§ Your objective:
Reproduce everything from the line that contains "7 dakika içinde" down to the line that contains "A Fazenda 10: Nadja" in the listing below, word for word and nothing more. Leave the pictures out.

§ Material for the task:

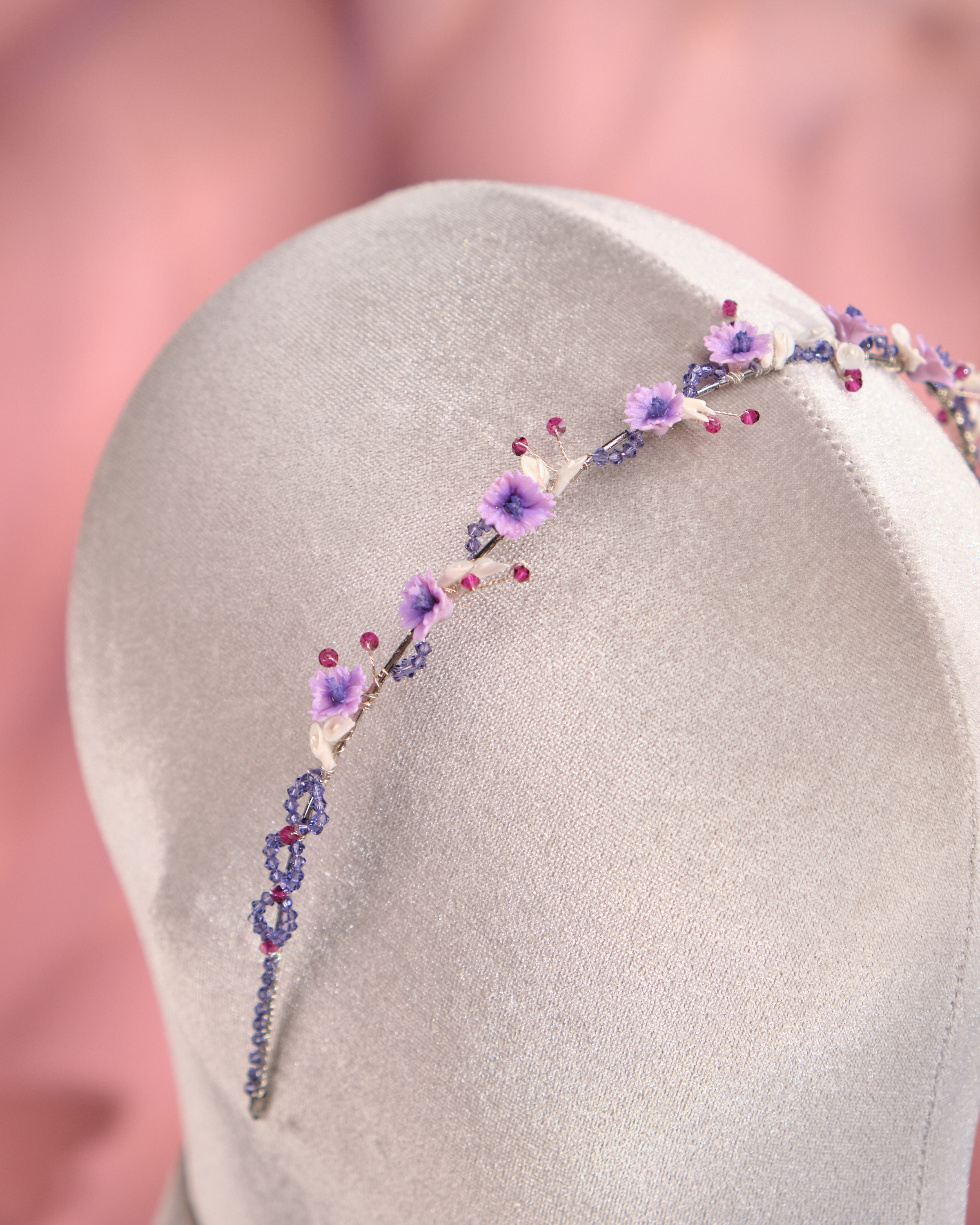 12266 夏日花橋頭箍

* * *

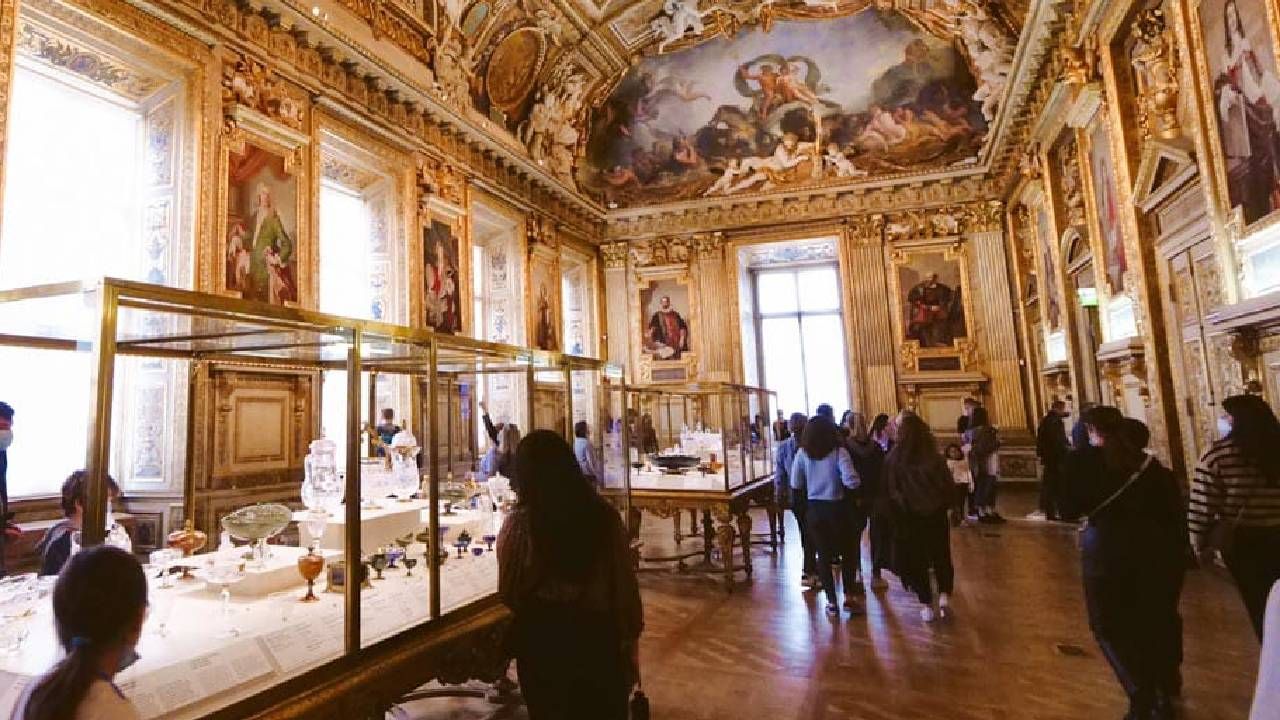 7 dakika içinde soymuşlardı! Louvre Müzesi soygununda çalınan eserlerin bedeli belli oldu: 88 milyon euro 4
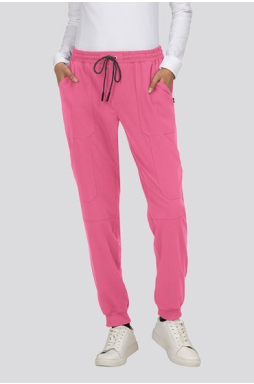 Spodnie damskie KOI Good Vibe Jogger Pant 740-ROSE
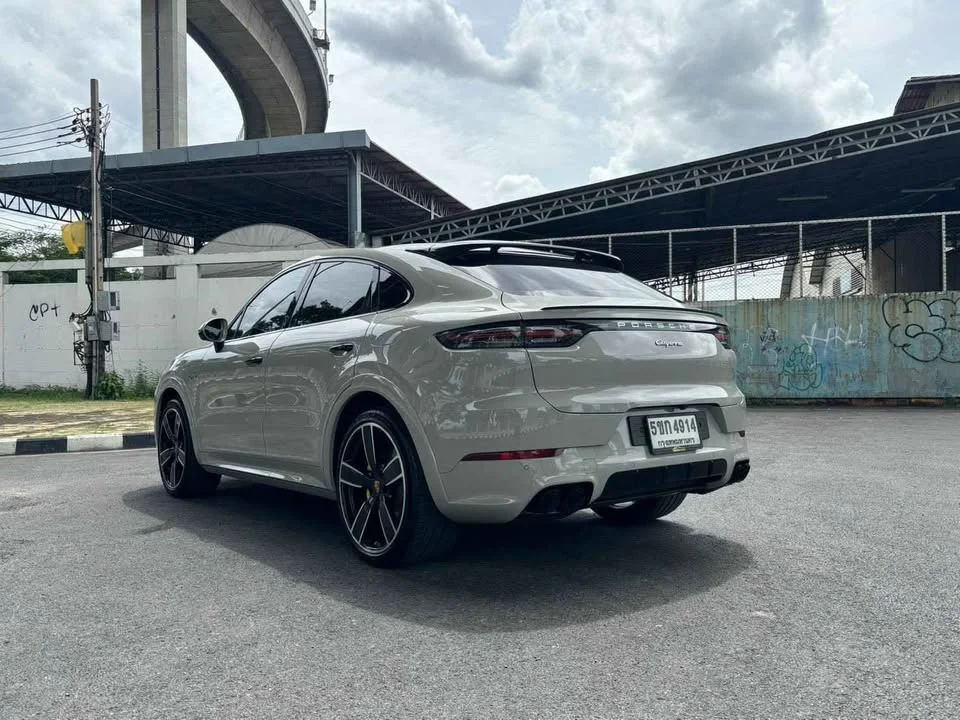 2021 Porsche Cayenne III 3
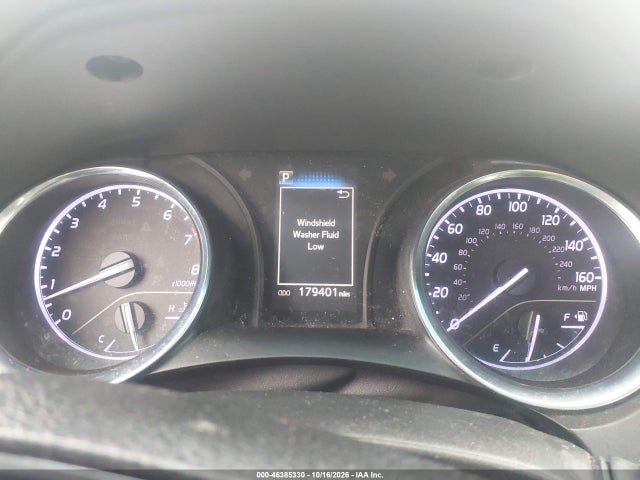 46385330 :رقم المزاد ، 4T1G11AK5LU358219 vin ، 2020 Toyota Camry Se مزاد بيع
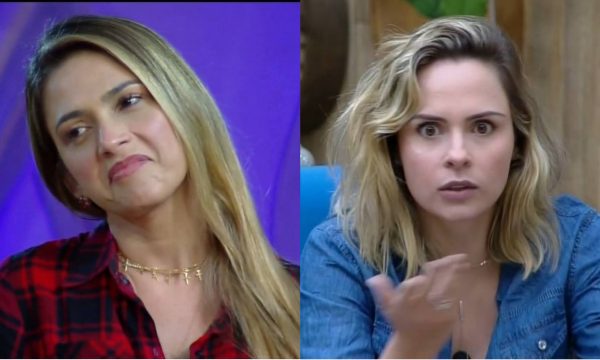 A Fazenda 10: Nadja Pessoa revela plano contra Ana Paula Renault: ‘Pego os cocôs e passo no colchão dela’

==

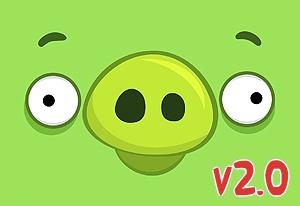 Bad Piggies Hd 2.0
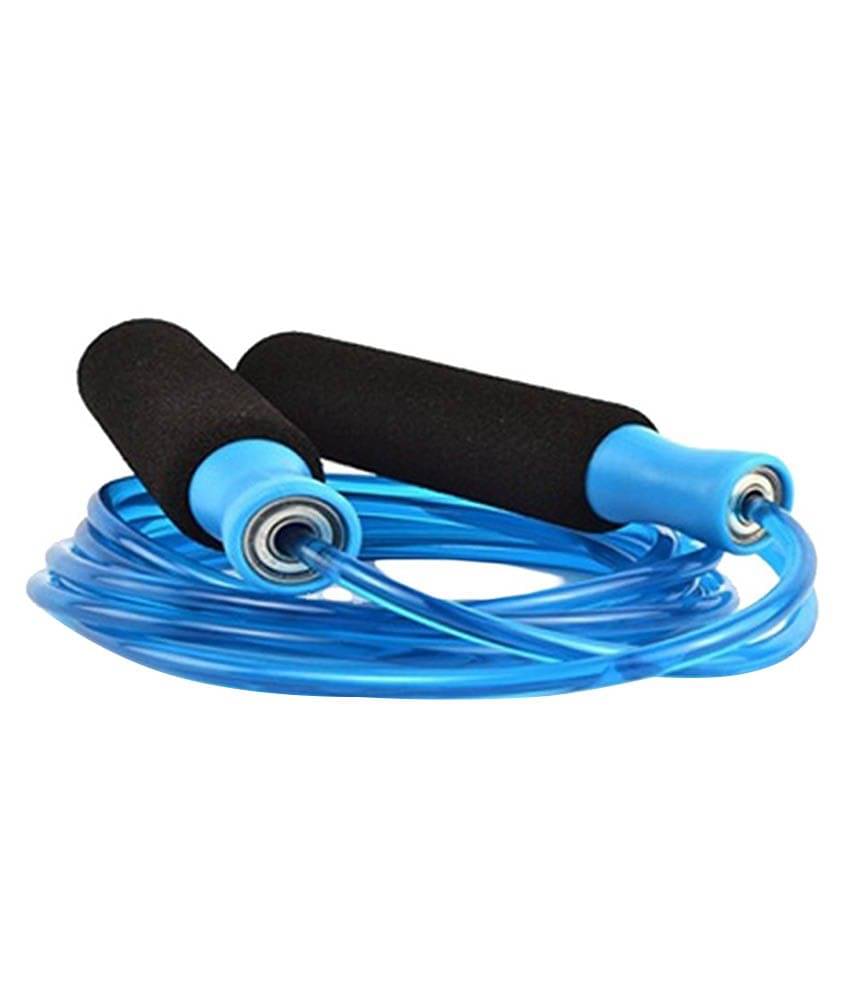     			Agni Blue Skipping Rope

§ Answer:
 7 dakika içinde soymuşlardı! Louvre Müzesi soygununda çalınan eserlerin bedeli belli oldu: 88 milyon euro 4
 Spodnie damskie KOI Good Vibe Jogger Pant 740-ROSE
 2021 Porsche Cayenne III 3
 46385330 :رقم المزاد ، 4T1G11AK5LU358219 vin ، 2020 Toyota Camry Se مزاد بيع
 A Fazenda 10: Nadja Pessoa revela plano contra Ana Paula Renault: ‘Pego os cocôs e passo no colchão dela’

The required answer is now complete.